> **WORK TASK**: Take the listing below and write it out again exactly, skipping any picture that it holds.

Top of RECORDS SUPPLIED

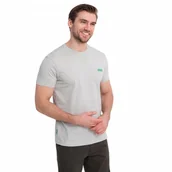 Koszulki męskie - Męski bawełniany t-shirt jasnoszary naszywka Ombre OM-TSCT-0151 V2 roz. XXL - miniaturka - grafika 1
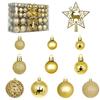 Plastic Christmas Tree Bauble Set, 101-Count Assortment with Mixed Finishes, Varied Ball Styles, and Cutout Star Toppers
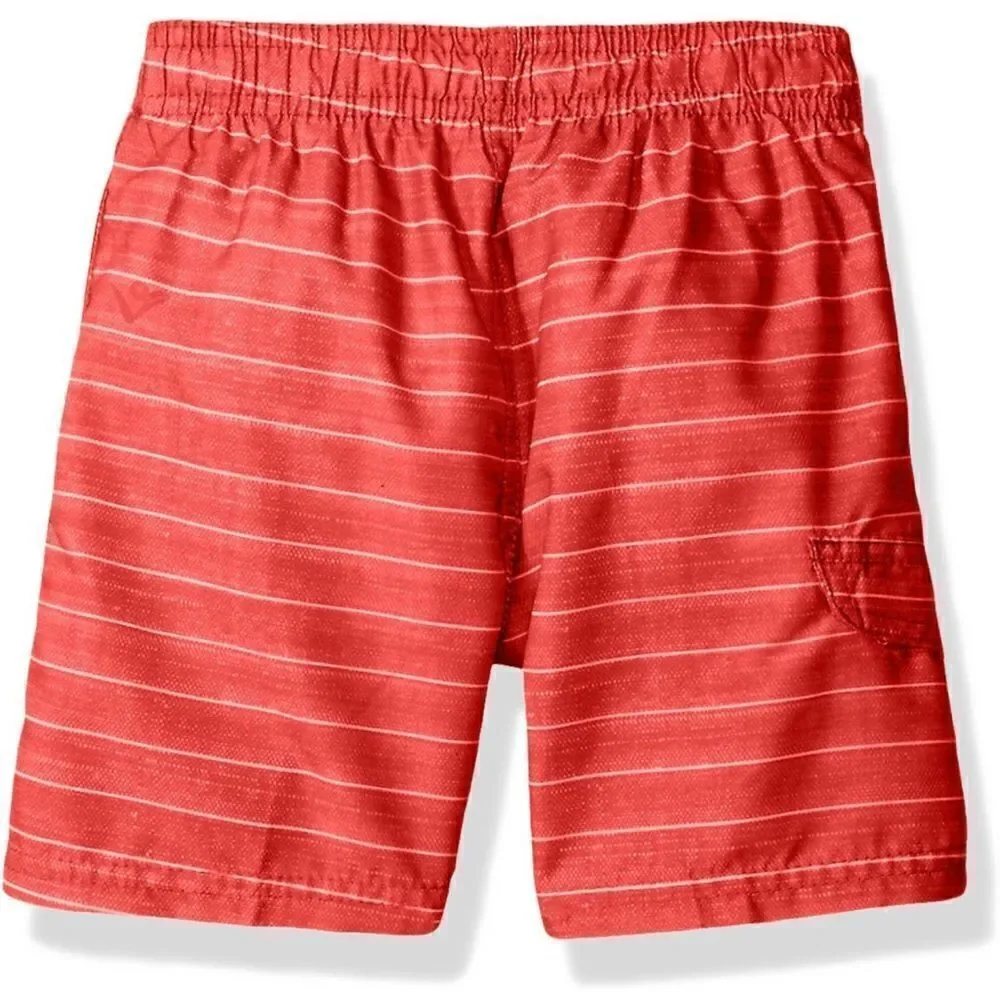 NWT KANU Surf Boys Board Shorts Swim Trunks Red Black Plaid - Size Medium 5/6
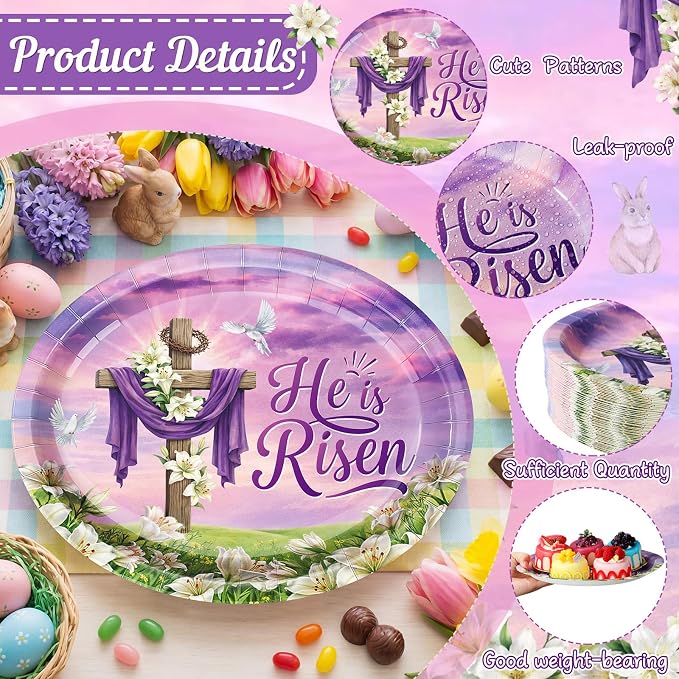 Vesici 150 Pcs Easter Cross Paper Plates and Napkins Set-serves 50, 10'' x 12'' Large Bunny Flower Tableware Disposable Purple Cross Paper Plates Cups Napkins for Spring Easter Birthday Party Supplies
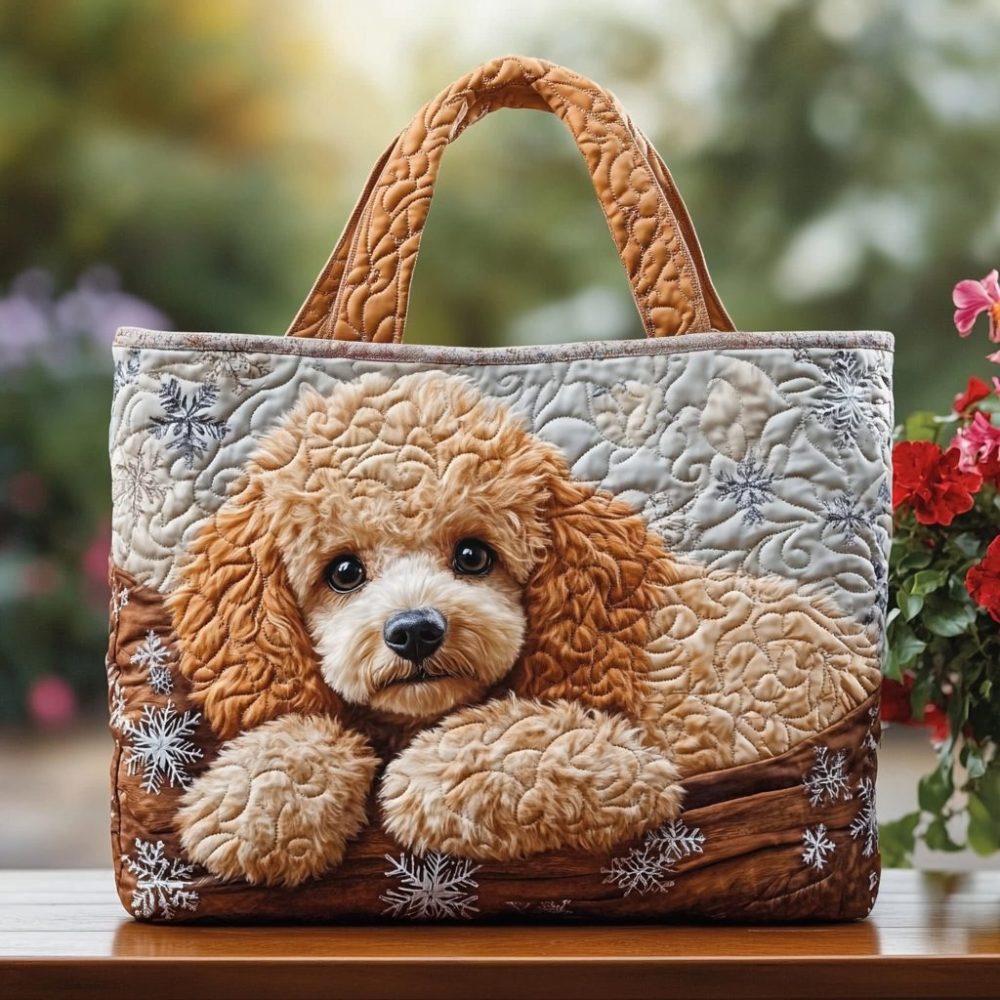 Darling Poodle Quilted Tote Bag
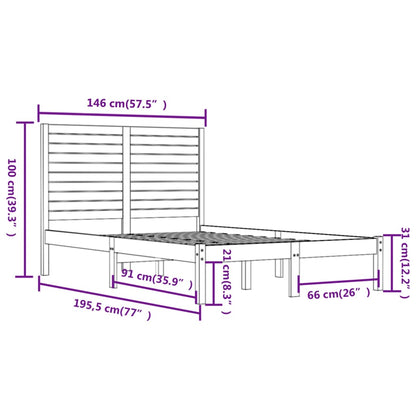 Bed Frame without Mattress Black 140x190 cm Solid Wood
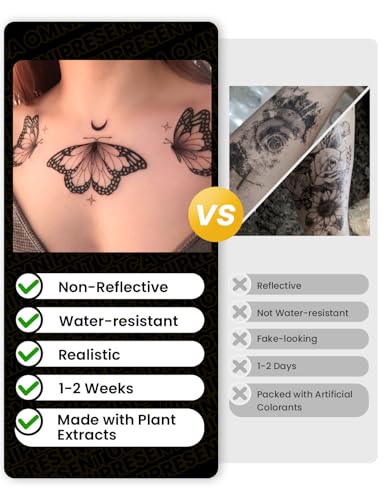 UBICA easy apply tattoos with wet transfer and press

Bottom of RECORDS SUPPLIED

> **RESPONSE TO THE EXERCISE**:
 Koszulki męskie - Męski bawełniany t-shirt jasnoszary naszywka Ombre OM-TSCT-0151 V2 roz. XXL - miniaturka - grafika 1
 Plastic Christmas Tree Bauble Set, 101-Count Assortment with Mixed Finishes, Varied Ball Styles, and Cutout Star Toppers
 NWT KANU Surf Boys Board Shorts Swim Trunks Red Black Plaid - Size Medium 5/6
 Vesici 150 Pcs Easter Cross Paper Plates and Napkins Set-serves 50, 10'' x 12'' Large Bunny Flower Tableware Disposable Purple Cross Paper Plates Cups Napkins for Spring Easter Birthday Party Supplies
 Darling Poodle Quilted Tote Bag
 Bed Frame without Mattress Black 140x190 cm Solid Wood
 UBICA easy apply tattoos with wet transfer and press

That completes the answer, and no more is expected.